Industri kelapa sawit di Indonesia pada awalnya adalah bisnis modal besar. Bahkan industri sawit pada mulanya dan tidak melibatkan masyarakat atau perorangan. Barulah pada tahun 1979, sejumlah kelompok tani mulai ikut serta menanam pohon kelapa sawit.
Munculnya para petani perorangan dalam mengelola perkebunan secara mandiri memberi manfaat ganda pada industri ini. Pertama terjadinya peningkatan taraf ekonomi masyarakat lokal. Kedua, adanya pemanfaatan lahan yang sebagian di antaranya merupakan area terlantar di sejumlah daerah, terutama Sumatera.
Data Kementerian Pertanian (Kementan) menyebutkan, pada tahun 1979, total lahan yang sawit yang dikelola petani perorangan tercatat seluas 3.125 hektar. Sementara lahan milik perusahaan berjumlah seluas 260.939.
Seiring perjalanan waktu, pada 2017, Kementan menyebutkan jika jumlah lahan milik perorangan melonjak pesat yakni mencapai 4,75 juta hektare. Ini lebih dari 30 persen dari total 12.30 juta hektar lahan perkebunan sawit yang ada di Indonesia.
Besarnya lahan yang dikelola petani perorangan itu membuat sejumlah konsekuensi baru. Pasalnya beberapa lahan milik petani perorangan tersebut ada yang berasal dari kawasan hutan produksi dan tak boleh dialihfungsikan. Namun karena sosialisasi yang kurang, maka lahan tersebut menjadi area perkebunan sawit, sehingga kerap dituding tak menjalankan prinsip "Berkelanjutan".
Masalah-masalah tersebut kerap kali menjadi senjata bagi negara-negara Uni Eropa dalam menyerang keberadaan industri sawit di Indonesia. Mereka mengkampanyekan hal negatif yang menyudutkan Indonesia. Namun praktek-praktek pengalihan lahan/hutan menjadi perkebunan sawit tersebut tak hanya terjadi pada petani sawit perorangan.
Selain isu-isu lingkungan ini, para petani perorangan ini tanpa disadari juga harus menghadapi masalah penting lain, yaitu tingkat produktivitas hasil perkebunan mereka.
Berdasarkan data yang Kementan, tingkat produktivitas lahan milik petani kerap jauh di bawah kebun milik perusahaan atau korporasi. Ini dapat dimaklumi sumber daya atau dana milik perusahaan perkebunan memungkinkan mereka untuk merawat pohon dan lahan agar produktifitas tetap terjaga. Sementara petani perorangan perawatan lebih minim. Lahan perorangan atau kelompok tani, kerap terhambat modal dan sumber daya guna mempertahankan kualitas batang pohon kelapa sawit yang mereka miliki.

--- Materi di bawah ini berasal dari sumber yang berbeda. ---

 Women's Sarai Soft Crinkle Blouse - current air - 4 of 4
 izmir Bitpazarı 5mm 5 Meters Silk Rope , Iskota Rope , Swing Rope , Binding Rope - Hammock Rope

Pemerintah kini sudah mulai merevitalisasi dan meningkatkan produksi kelapa sawit milik petani perorangan lewat Program Peremajaan Sawit Rakyat (PSR). Hal ini dilakukan agar produktivitas perkebunan sawit rakyat itu membaik. PSR diharapkan menjadi fondasi baru dalam pembangunan perkebunan kelapa sawit rakyat.
Perlu diingat, penggantian pohon sawit tua dengan yang muda harus juga mencakup peningkatan produktifitas. Ini bukan sekedar bicara pohon baru, namun harus dilihat dalam kerangka yang lebih luas atau makro, berupa penataan ulang perkebunan milik rakyat itu sendiri.
Agar program PSR bisa mencapai target, maka pemerintah harus menentukan desain seperti apa yang diinginkan. Sebab, jika hanya sekedar mengganti, sejumlah masalah besar akan menghadang beberapa tahun kemudian. Salah satunya adalah singkronisasi antara pemerintah pusat dan daerah.